The newspaper's front page was mistakenly tweeted before Osborne got to his feet yesterday, leading shadow chancellor Ed Balls to wave a photocopy of the front page at the chancellor until he was ordered to desist by deputy speaker Lindsay Hoyle.
"This pre-briefing of Budget proposals is a matter of concern to me and, I judge, to the House as well," Bercow told the Commons today.
"I am therefore writing to the chancellor of the exchequer to ask him to set out what happened on this occasion and whether this is a practice of the Treasury. I will revert to the House as necessary."
The Speaker mentioned he had received a formal apology from the newspaper.
"I have received formal apologies from the editor and from the political editor of the Evening Standard," he said.
"They have also apologised separately to the chairman of ways and means. I shall place those communications in the library.

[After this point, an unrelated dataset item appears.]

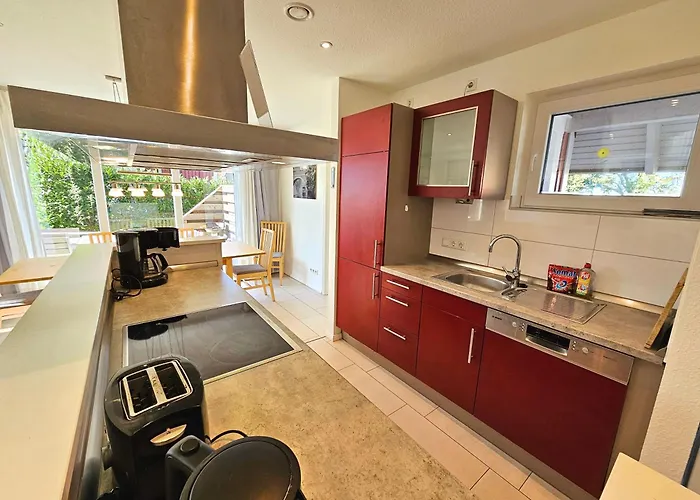 Casa de Férias Sechendorf Solaengen Sechendorf Blekendorf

"Their error was extremely regrettable but I am minded not to take that matter further. However, the error would not have occurred had the newspaper not been in possession of prior detailed information about the Budget."
The newspaper's staff issued categorical apologies after the tweet, which could not come at a worse time given the focus on the press lobby in the wake of the royal charter on press regulation and Labour MP Jim Sheridan labelling parliamentary correspondents "parasites".

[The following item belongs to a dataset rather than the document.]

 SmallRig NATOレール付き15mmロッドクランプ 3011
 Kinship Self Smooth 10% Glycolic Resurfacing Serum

Joe Murphy, the paper's political editor, tweeted: "We are so sorry to the House of Commons, to the Speaker and to the chancellor for what happened."

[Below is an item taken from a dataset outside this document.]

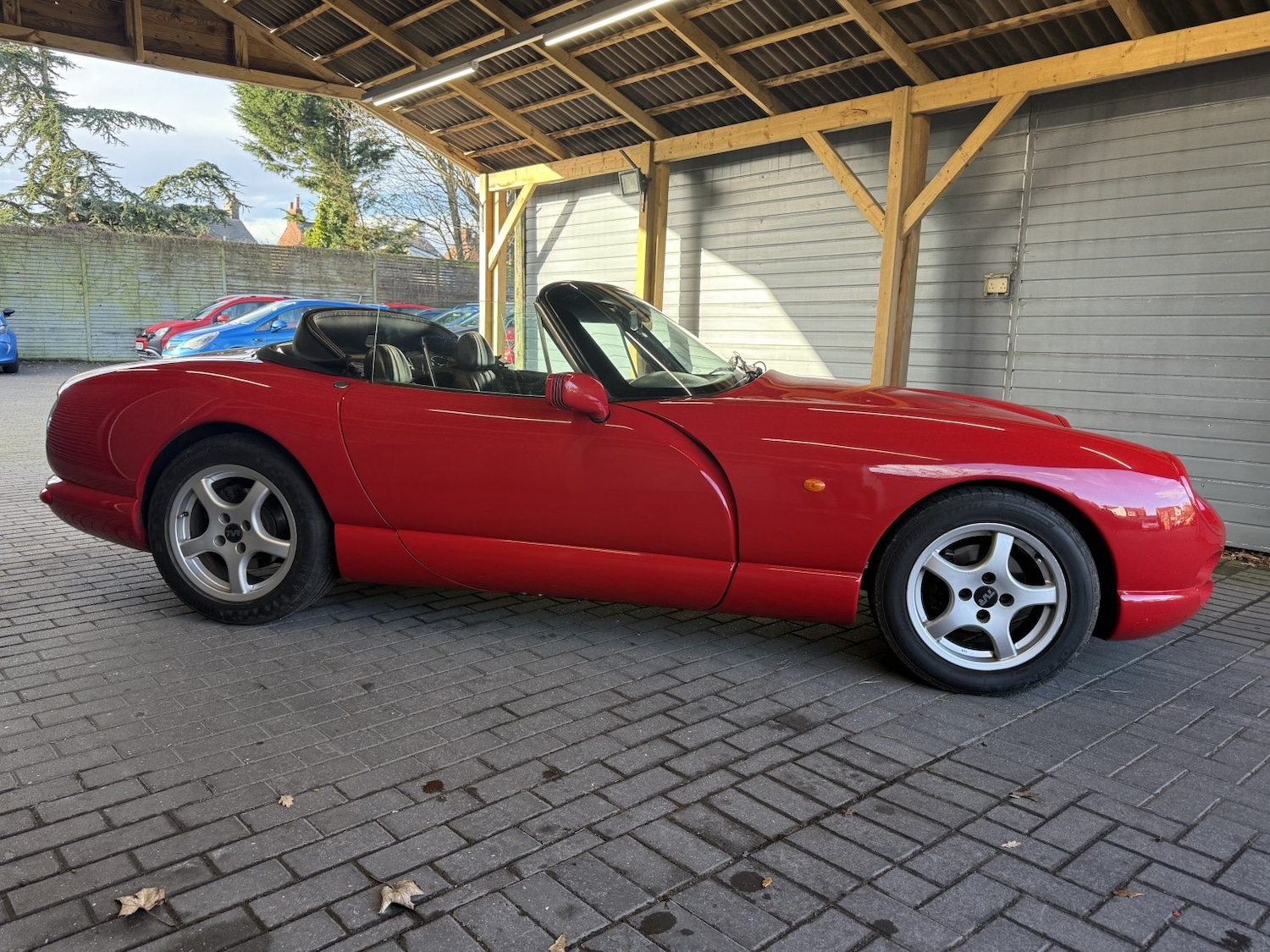 Used TVR Chimaera 1996 for sale - 76785077: Photo 10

Editor Sarah Sands said: "An investigation is immediately under way into how this front page was made public, and the individual who tweeted the page has been suspended while this takes place.
"We have immediately reviewed our procedures. We are devastated that an embargo was breached and offer our heartfelt apologies."
In reality, the Evening Standard is always given a detailed pre-briefing of the Budget because they go to the printers in time for publication in the afternoon.
That is unlikely to change under any British government, but Labour's Angela Eagle still criticised the briefing and in particular the inclusion of market sensitive information.